People, Place and Sport is a celebration of local communities and sport in the West Midlands. Jaskirt Boora shines a light on sporting hubs tucked away in our landscape, away from the large stadia, where grassroot sports takes place weekly. This work asks what sport, and the Commonwealth means to the people in the Midlands. All exhibitions are free to view and attend. 

See below Jaskirt’s conversation with members of the Birmingham 2022 Festival team:  

Q: Please introduce yourself, your project, and role.  

A: My name is Jaskirt Boora, and I am a Visual Artist with my main practice in photography.  

I work a lot with local communities to try and amplify their voices, specifically marginalised voices within different communities. The idea of People, Place, and Sport came to me as soon as I found out the games were coming to Birmingham. I knew I had to get involved and the idea grew from there.  

Q: What have you enjoyed about the project so far?  

A: Taking the photographs was my favourite part as it allowed me to work with local people, but then because I shot so much work last year choosing which images to use for the festival became really difficult.  

As I predominately shoot portrait, the aim was to develop my practice and make a body of work that is all encompassing. It was a lovely balance of having lots of great conversations when I was taking everyone’s portrait but then having the contrast of quiet solitude when shooting the landscapes because I was on my own.  

I would like to shine a light on the support I received from Multistory, right from the get-go they have been the one that has bridged the gap for me to get this commission. This is by far the most in-depth project I have done, and it is down to the funding and support from both Multistory and the Festival itself. I am really grateful and thankful for that. I think it is important that individuals are aware of these art organisations and how they can be help projects and artists.  
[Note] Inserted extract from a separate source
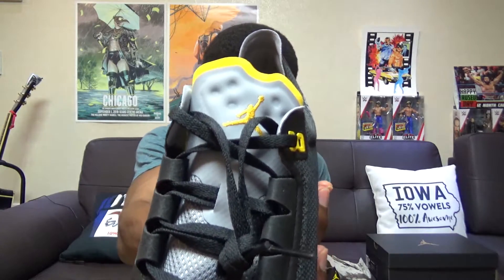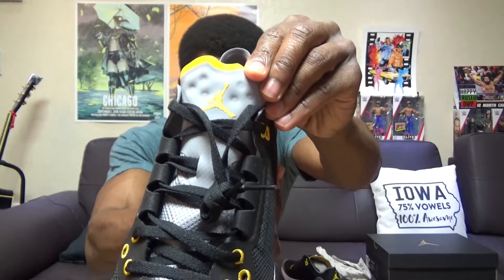Moving on to the upper part of the tongue — it's the standard Jordan Jumpman on the front with some yellow around the lace loops. Up on the back it says 'Run,' though I don't really see myself running in these. Both shoes are looking really good — I'm pretty sure these have never been touched, so that's cool.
Q: How would you describe your project to those new to your work?  

A: I would describe People, Place & Sport as a celebration of local people and places, while also it’s about amplifying their voices and their stories.  

It’s not just about sport in and of itself – a lot of conversations through the interviews that people can hear through the QR code reveal a lot of different things that people access sports for. So, it’s a sense of community, it’s about having a sense of place as well and an outlet for aggression and stress. It’s about being able to socialise with people, the physical health benefits and well as benefits for your mental health. There are all these different things the project covers and my work is trying to represent the people from Birmingham and Sandwell as best as possible. I showcase their voice as well as showcase the region, not just the shiny stuff but the real stuff. 
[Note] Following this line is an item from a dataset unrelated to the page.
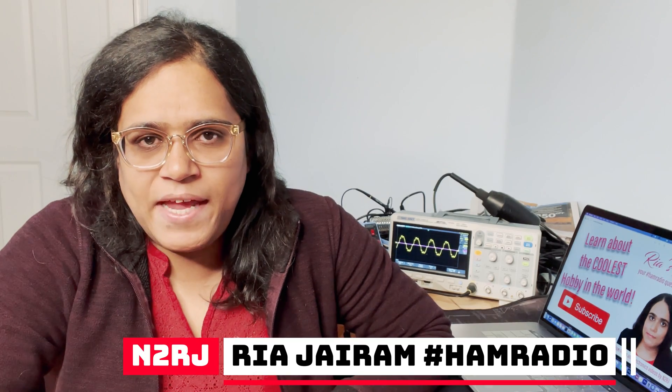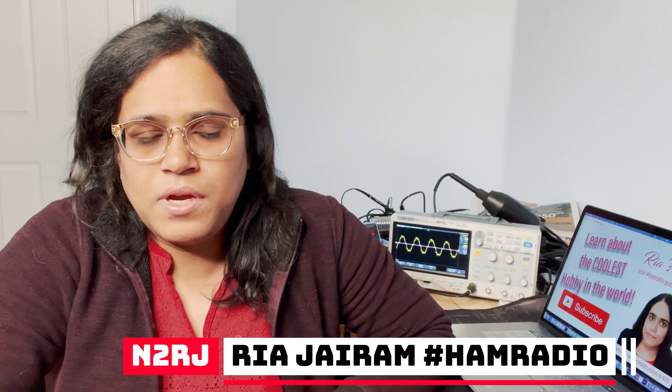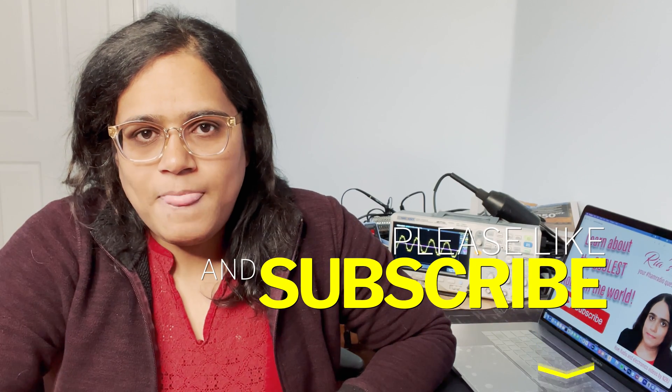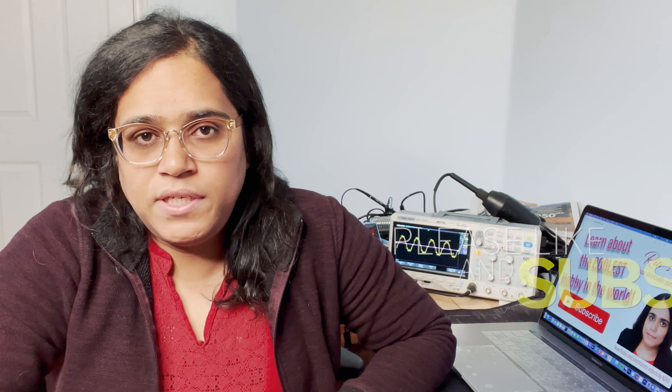Hi everybody and welcome to Ria Shaq. I am Ria N2RJ and on this channel we explain ham radio concepts and ham radio information, and we try to make the complex easy for you to understand. If you like this type of content, please give us a like and subscribe and hit the notification bell so you don't miss any future videos. I'm posting two or more a week, so today we're going to talk about antenna gain — how we seemingly get more out of an antenna where it matters than we put in. Let's get to it.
Q: Do you have any plans for after the Festival?  

A: Right now, I am working on creating a book of People, Place, and Sport to act as legacy piece once the exhibition is dismantled. I aim to have it ready for when the Sandwell Valley Park exhibition goes live. For the last couple of years, I have worked with Women’s Refuge at Birmingham’s Crisis Centre, so once the festival ends my biggest plan is I want to go back and do more workshops with them. I am not sure in what capacity or the content of these workshops, but that’s what I would like to do. 

Q: What other B2022 Festival are you looking forward to seeing?  

A: The one that is on my radar is Hew Locke’s, Foreign Exchange, I love his work! I saw his previous exhibition in Ikon a few years ago and I love the quality of his work, the structures, the meaning, everything!  

Q: What excites you most about the Birmingham 2022 Festival? 

I think what we’ve got this year is a really great opportunity to spotlight the amazing cultural talent in our region and specifically Birmingham – that’s what really excites me.  

When we get the games and we see these amazing projects go live, I think having that buzz in the city again after the last couple of years, I think that’s what excites me more. The festival’s given a really great opportunity for a lot of freelancers and cultural offerings for commissioned work and showcase the best of us, and also to challenge what the Commonwealth stands for – I'm quite looking forward to seeing the range of work that’s created. 

You can find her exhibition People, Place and Sport located at St Paul's Square in the Jewellery Quarter, Digbeth Coach Station and Moseley Road Baths, or in Smethwick at Wednesbury Leisure Centre, West Bromwich Leisure Centre and Hadley Stadium.